OHK  !! I got a Sony Ericsson Live w/ Walkman .. Before ordering these i just want to make sure .. if tis earphones works awesome ( full compatibility and ability with cent percent music capability) with my phone (bcoz the stock earphones with Live downplays the music and sound levels with Live are not that high  .. although its one of best music phone in the market )........ CAN ANYONE HERE DO A TEST AND LET ME KNOW >>


----------



## karthikchopper (May 4, 2012)

Guys,

this is for those who are having a pair of these twinwoofers. I realized today (after a week from getting the piece) that the right and left chanels are wrong. Is it just a printing mistake on my piece or do i need to get it cchanged. I already swapped mine for a defective right side. 

I checked with 2 other in ears that i have, both in my lappy and my mobile. They play on the correct channels. Only tekfusion's left plays on the right and vice versa.

Can anyone confirm this???


----------



## djaytg (Jun 21, 2012)

sanoob.tv said:


> i think the earphone i got was damaged.
> the right had medium bass,but the left had none at all.
> anyway im back in the queue for searching a new earphone.
> any suggestions would be appreciated.
> thanx



hello sanoob i got mine from flipkart today and i might be facing a similar issue u faced,if the right one can output 100% then the left one can only manage 70-75% of the maximum output
can u give me any tip of what doing next ?
should i ask for replacement or try burn-in them?


----------



## trublu (Jun 21, 2012)

Ordered the TwinWoofers from Flipkart just now


----------



## sujayraj (Jun 23, 2012)

Hi

I dont know how to believe this product. Some people say its very high end in sound quality and some say its a crap. I am very surprised to see the ratings. 

Have a look at this link.

One more link to the comments for Twin Woofers.


----------



## harshatiyya (Jun 23, 2012)

djaytg said:


> hello sanoob i got mine from flipkart today and i might be facing a similar issue u faced,if the right one can output 100% then the left one can only manage 70-75% of the maximum output
> can u give me any tip of what doing next ?
> should i ask for replacement or try burn-in them?

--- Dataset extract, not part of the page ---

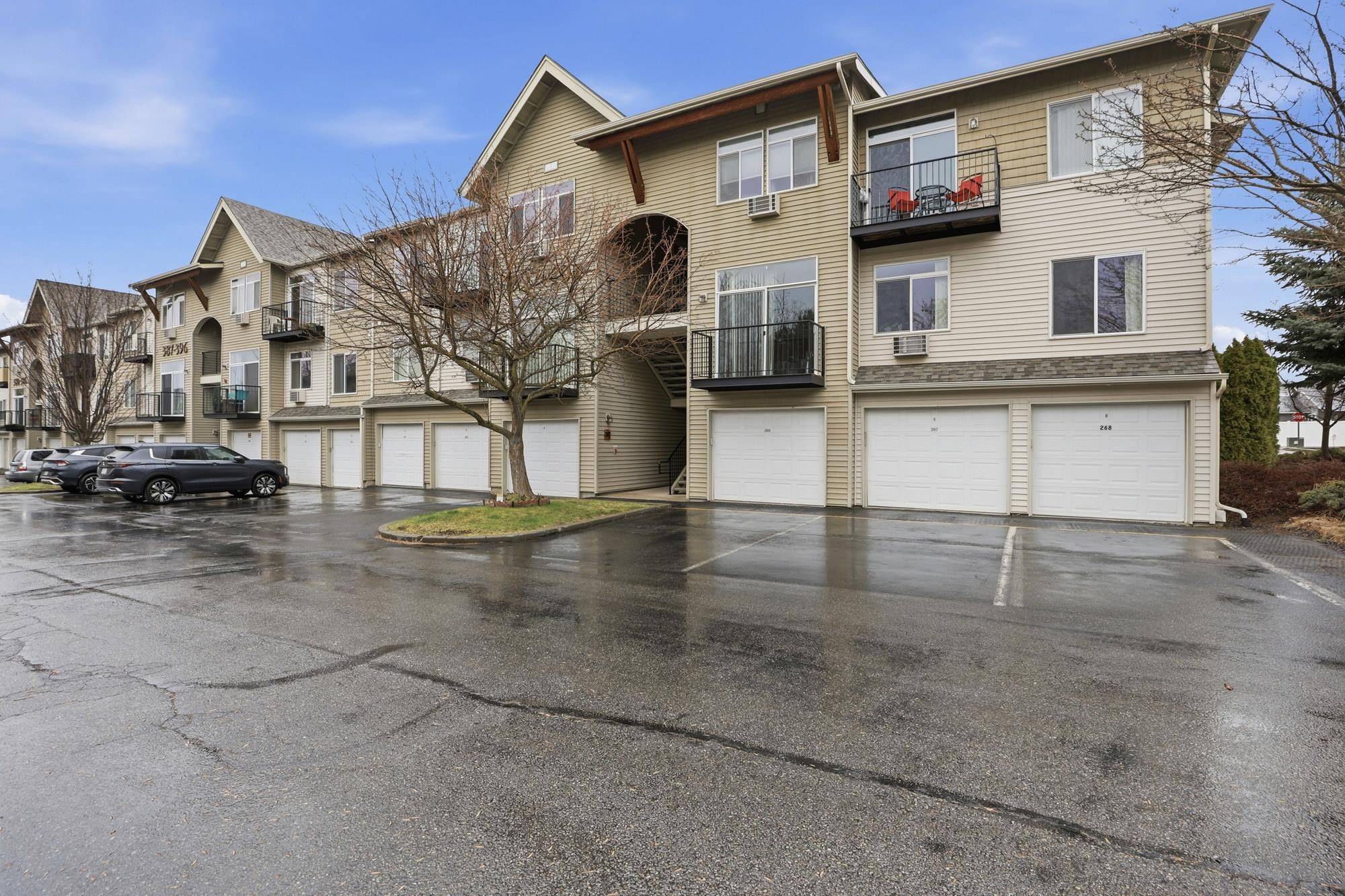 22855 E Country Vista Dr #399, Liberty Lake, WA 99019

hey i am having the same issue.. i burned 20-30 hours already.. still the output differs as u said above.. the bass and vocals are great.. but this problems bothers me a lot. i feel like the whole music is playing in my head's right side..


----------



## djaytg (Jun 25, 2012)

harshatiyya said:


> hey i am having the same issue.. i burned 20-30 hours already.. still the output differs as u said above.. the bass and vocals are great.. but this problems bothers me a lot. i feel like the whole music is playing in my head's right side..


here is what i did
i called flipkart and told the problem,they forwarded my call to tech support and after repeating what i said earlier they told they will revert to me back,their call came a day after and told me that they had contacted the product supervisor regarding the issue and told the imbalance is due to different format of the music file(i was like wtf),i told them imbalance occurs to any audio/video file format then he said 'ok sir we replace the product'
The new one glitch free


----------



## trublu (Jun 26, 2012)

My twinwoofers are also going to be replaced, the ones I received were defective ( the right earpiece would split up all the time). The cust. supp. guy asked me " Are you using these with any laptop/ mp3 player? These are compatible with mobiles only" ... I was like.. WHAT ??? what has that got to do with a broken earpiece


----------



## harshatiyya (Jun 26, 2012)

djaytg said:


> here is what i did
> i called flipkart and told the problem,they forwarded my call to tech support and after repeating what i said earlier they told they will revert to me back,their call came a day after and told me that they had contacted the product supervisor regarding the issue and told the imbalance is due to different format of the music file(i was like wtf),i told them imbalance occurs to any audio/video file format then he said 'ok sir we replace the product'
> The new one glitch free



thanks for the reply.. i called flippy and expressed the issue.. they tried to shut me up by saying frequency changes varies with file format(LMAO). i was like NO. its not. and finally they agreed to send me a replacement.


----------



## Nanducob (Jun 26, 2012)

Apart from the burn in,The ipod or music player also has to be good to use along these headphones.maybe thats why some guys bought had bad experiences.am i right?


----------



## harshatiyya (Jun 26, 2012)

Nanducob said:


> Apart from the burn in,The ipod or music player also has to be good to use along these headphones.maybe thats why some guys bought had bad experiences.am i right?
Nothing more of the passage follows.